In the entries that follow, the lines from the line containing "Igloo BMX hard-sided" up to and including the line containing "ONIKUMA DM07 24000DPI" must be copied exactly, with pictures omitted.

> **Data to use**:
┌────────
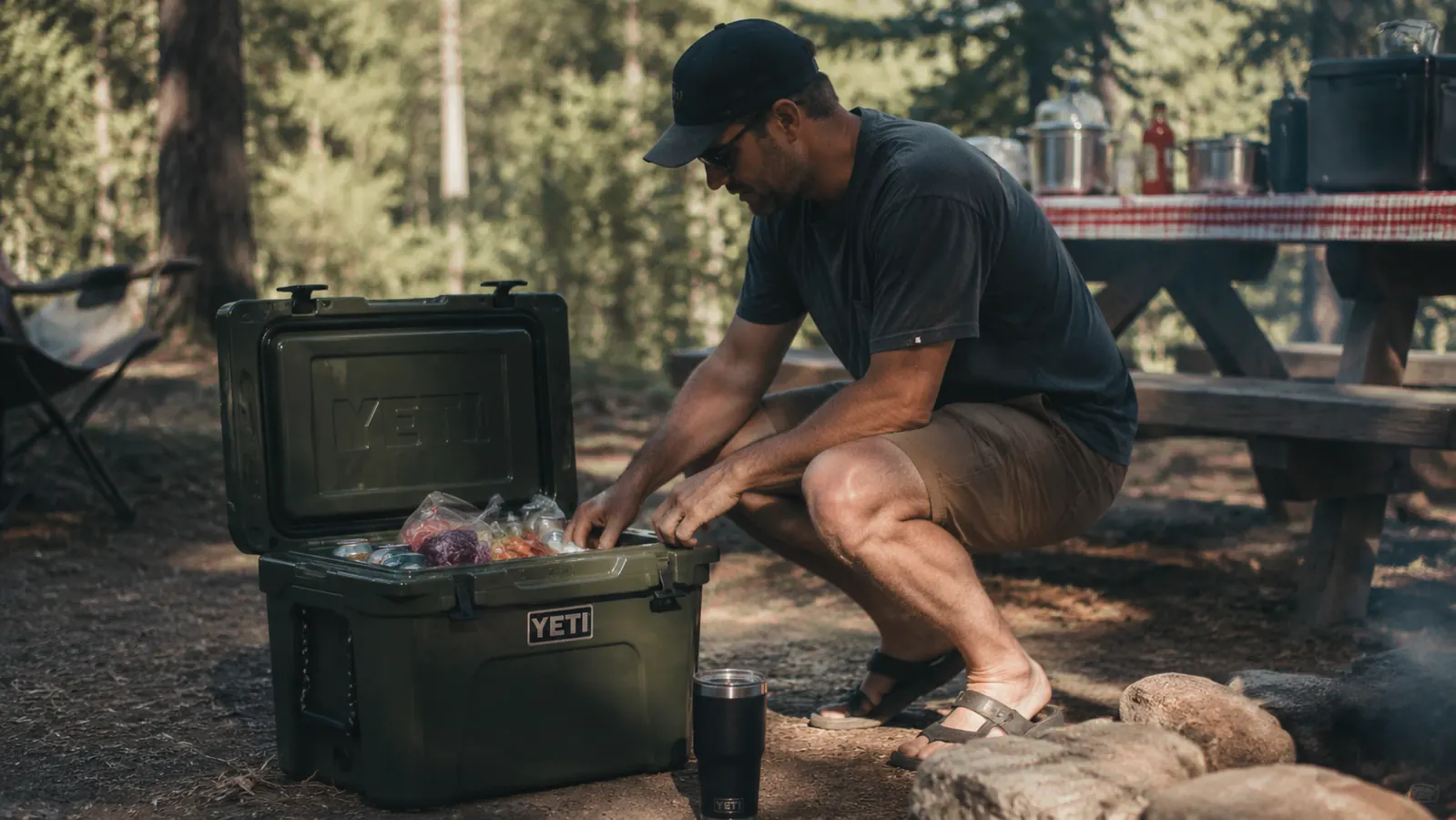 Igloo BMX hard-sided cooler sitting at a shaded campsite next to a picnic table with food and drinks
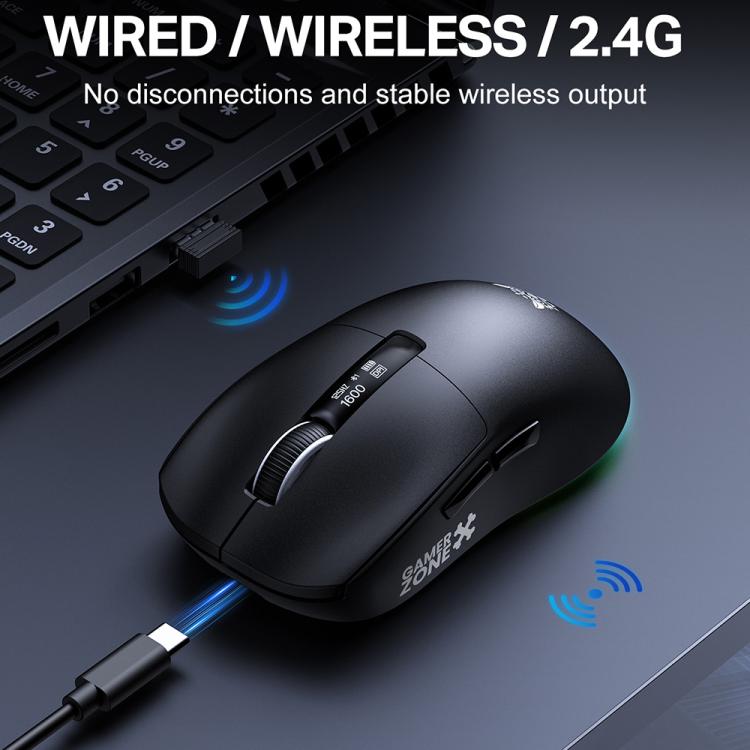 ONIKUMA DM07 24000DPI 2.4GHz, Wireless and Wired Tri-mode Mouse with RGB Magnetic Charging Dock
└────────
┌────────
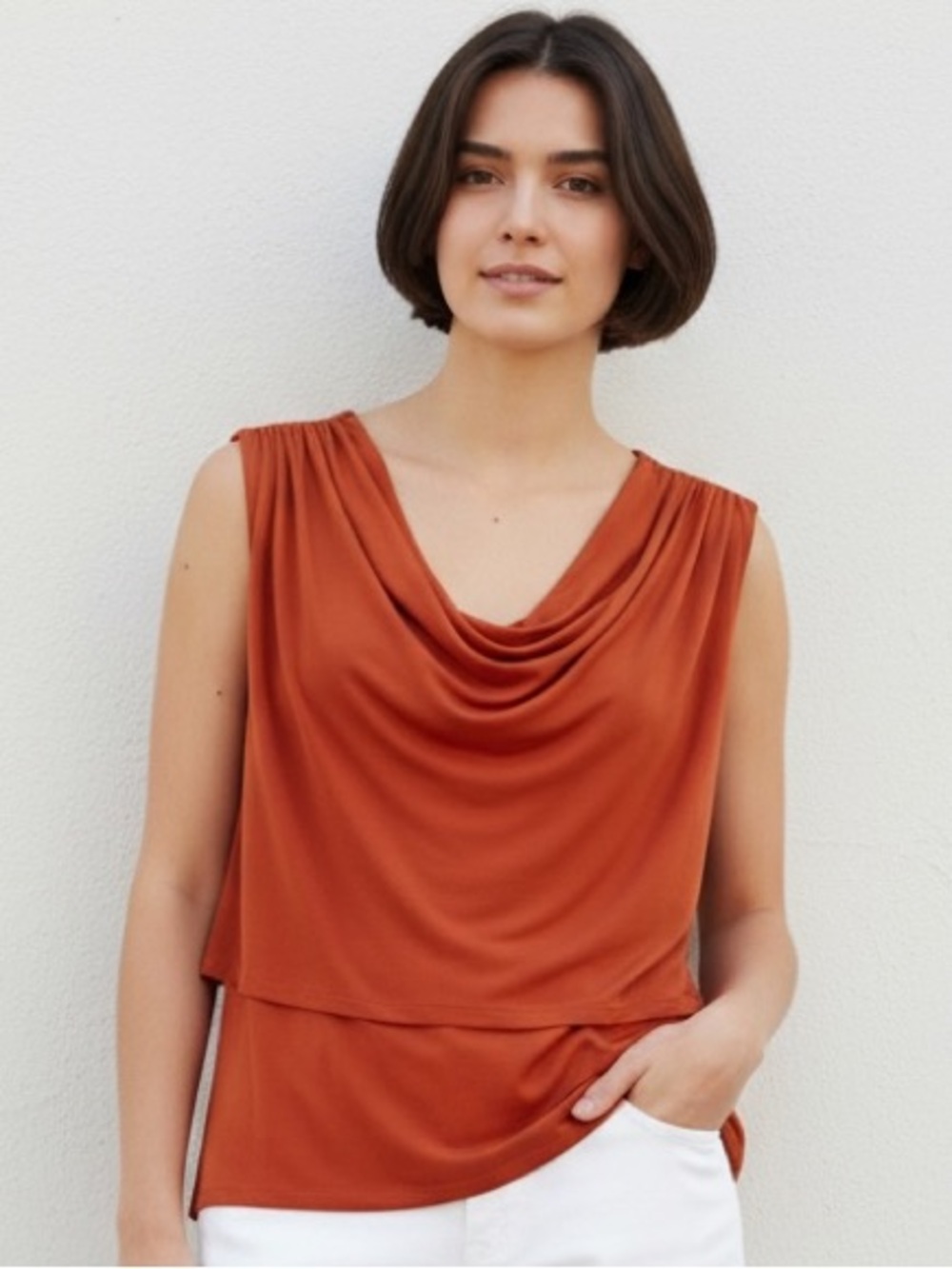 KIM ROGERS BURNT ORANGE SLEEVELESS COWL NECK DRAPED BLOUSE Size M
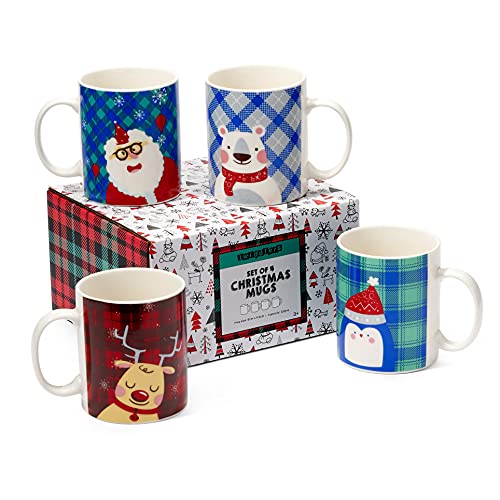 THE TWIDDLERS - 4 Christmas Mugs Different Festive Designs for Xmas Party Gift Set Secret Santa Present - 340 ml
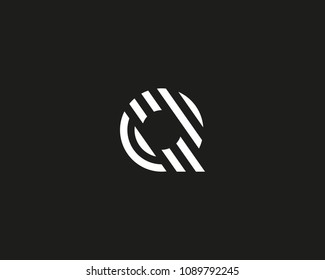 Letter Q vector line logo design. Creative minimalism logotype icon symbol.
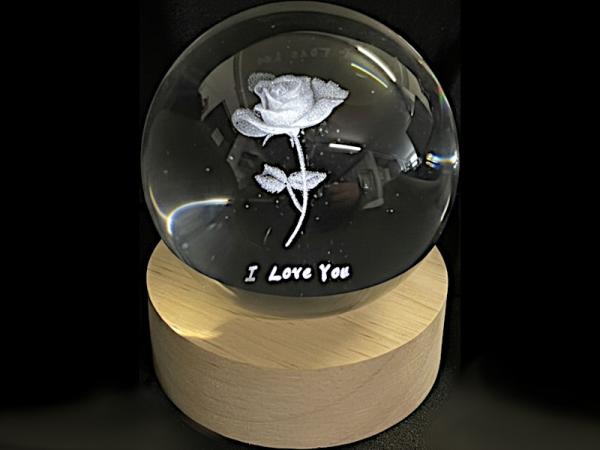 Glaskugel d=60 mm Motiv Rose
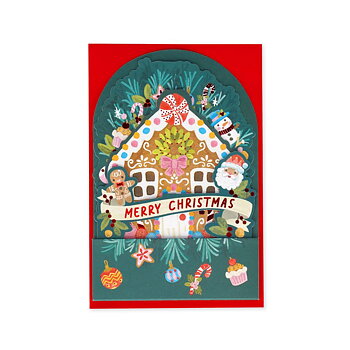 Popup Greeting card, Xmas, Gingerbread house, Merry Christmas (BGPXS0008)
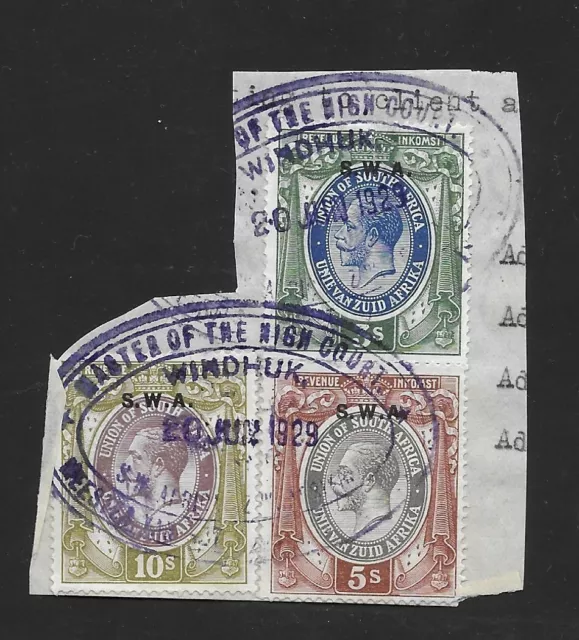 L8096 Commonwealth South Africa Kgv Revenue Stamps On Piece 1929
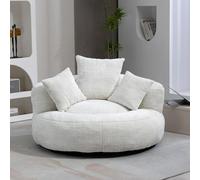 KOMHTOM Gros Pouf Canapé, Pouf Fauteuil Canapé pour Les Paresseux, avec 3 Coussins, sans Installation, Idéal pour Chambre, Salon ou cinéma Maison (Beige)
└────────
┌────────
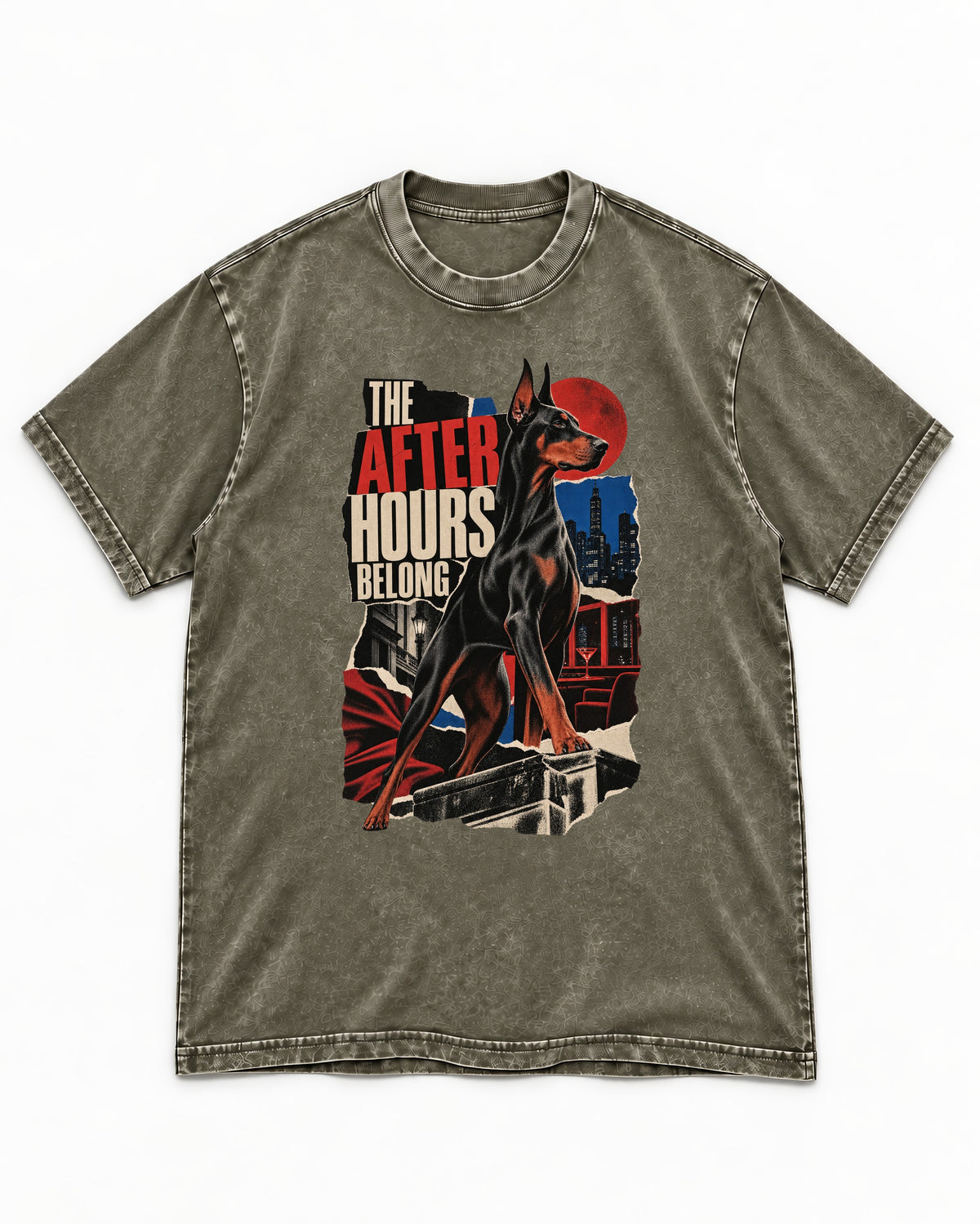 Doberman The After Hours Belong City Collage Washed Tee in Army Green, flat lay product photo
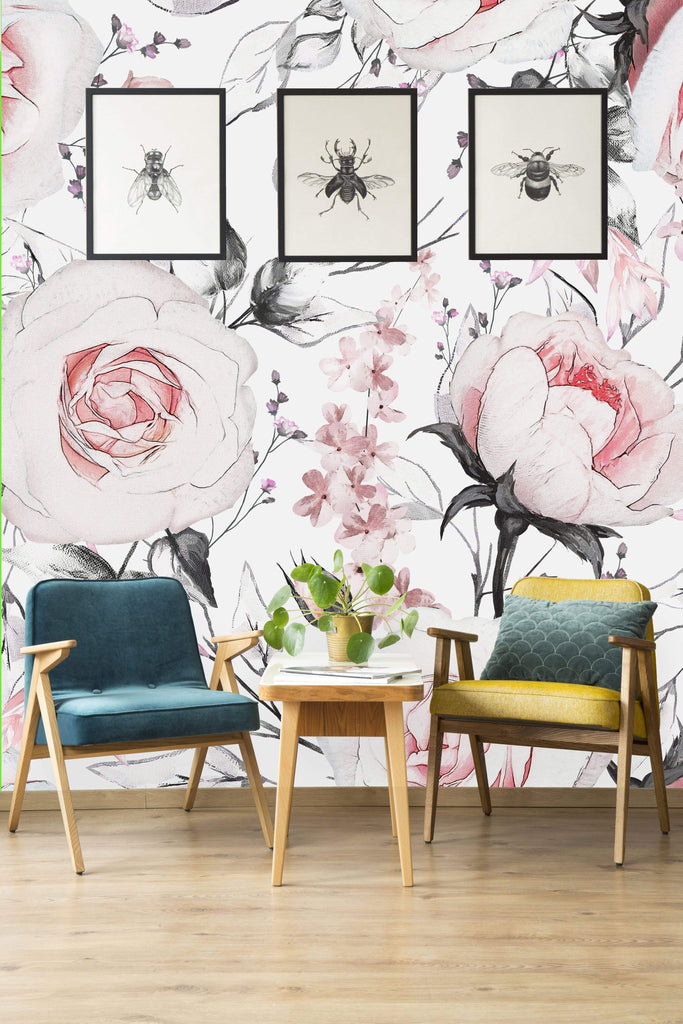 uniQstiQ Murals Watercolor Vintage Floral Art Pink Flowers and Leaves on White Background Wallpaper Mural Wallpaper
└────────
> **Task solution**:
 Igloo BMX hard-sided cooler sitting at a shaded campsite next to a picnic table with food and drinks
 ONIKUMA DM07 24000DPI 2.4GHz, Wireless and Wired Tri-mode Mouse with RGB Magnetic Charging Dock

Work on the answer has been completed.